The court ruled on Feb. 18 that a South Euclid woman was not allowed to recover attorney fees for her efforts to uncover documents sought from the city of South Euclid even though she was entitled to recover damages up to $1,000 due to the city’s unresponsiveness to her valid public records requests.
In its ruling, the court said a change in the statute in 2007 meant that attorney fees could only be awarded if a court orders the records to be produced. In the South Euclid case, the city turned the documents over before a court order had to be issued — but that was months after the original request, and only after she hired an accountant to prove the records she requested actually existed.
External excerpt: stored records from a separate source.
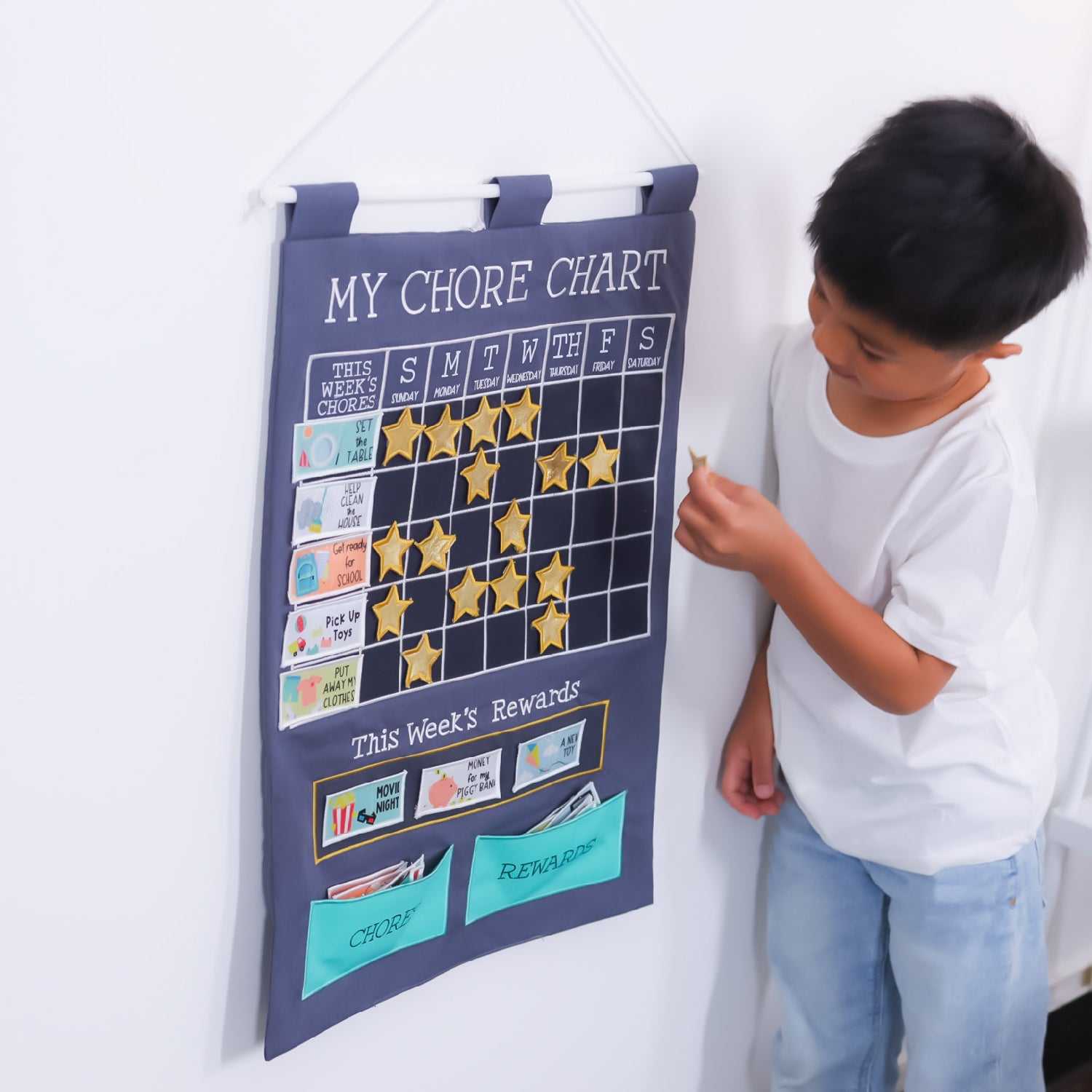 My First Chore Learning Calendar Wall Chart - Image 7
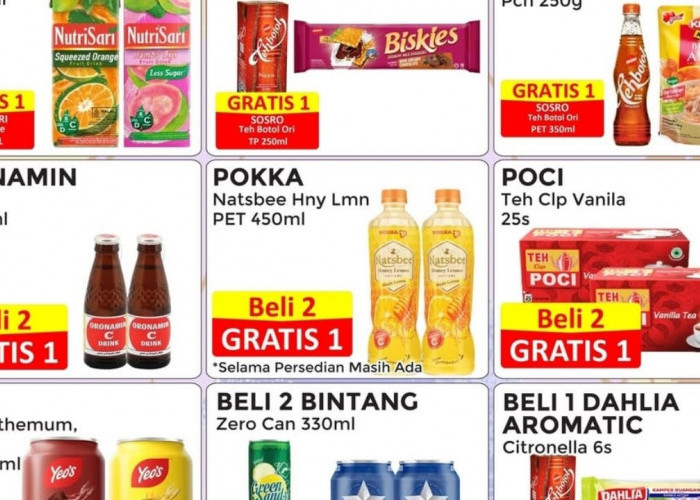 Belanja Murah Spesial Jumat Berkah, Ada Promo Beli 2 Gratis 1! Ini Katalognya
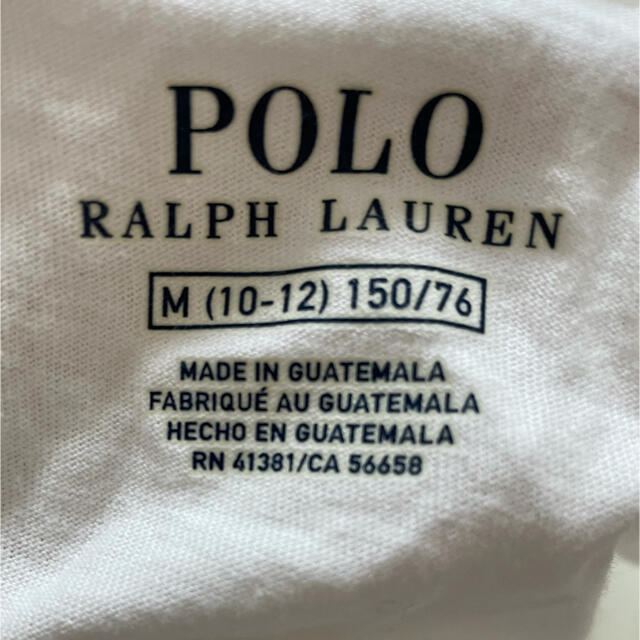 POLO RALPH LAUREN(ポロラルフローレン)のPOLO ラルフローレン 白Tシャツ Mサイズ レディースのトップス(Tシャツ(半袖/袖なし))の商品写真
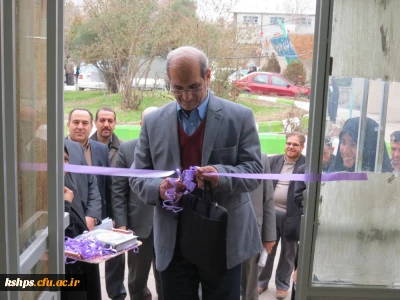 مراسم افتتاح کتابخانه  پردیس شهید صدوقی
The ruling brought a strong statement from the Ohio Newspaper Association (ONA), of which this newspaper is a member.
“This is an egregious case,” said Dennis Hetzel, executive director of the ONA in a press release. “The city stonewalled the citizen requesting the information for months, and she even had to get an accountant to show that records the city claimed it didn’t have really existed.”
Hetzel rightly pointed out that Ohio citizens seeking public records have little recourse other than the courts if their requests are ignored.
“Public-records cases aren’t typical lawsuits,” said Hetzel. “The relief you want is the record, not money, and you shouldn’t have to be wealthy to fight city hall. In this decision, the court has made it much more difficult to recover attorney fees.”
Hetzel is absolutely correct.
The ability for individuals and the media to review public records is a vital check on government power at all levels. These documents, which the taxpayers own, are routinely used by news media, including this newspaper, to help provide comprehensive and accurate reporting.
Attorney General Mike DeWine calls Ohio Sunshine Laws (as they are commonly referred to) “among the most comprehensive open government laws in the nation” in his 2013 Open Government Resource Manual.
While that may be true, these Supreme Court rulings undermine that statement and, in my opinion, the intent of the Legislature.
The average person or small company that has a valid records request rebuffed will now have to make a decision whether they can afford to continue the fight for the documents — documents they are legally entitled to.
Public officials, who have at times selfish or other sinister motivation for keeping public records hidden, now have a license to size up the financial means of a person or entity seeking documents in the hopes of delaying to the point the request is abandoned. Delay or denial of records could become strategies if officials determine a person may not have deep enough pockets to continue the fight for documents in court.
Supreme Court Justice Sharon Kennedy cut to the heart of the matter in her dissent.
“If no fees could be awarded unless the court had ordered a party to produce records, it would allow a public office to sit on a public-records request until a case was filed and then turn over the records before the court had a chance to issue an order,” Kennedy wrote.
Hetzel said the ONA would be approaching legislators to make changes in the statute, but expressed hope that the Supreme Court would revisit its ruling in the future.
One way or another, that remedy would be in the best interest of all Ohioans.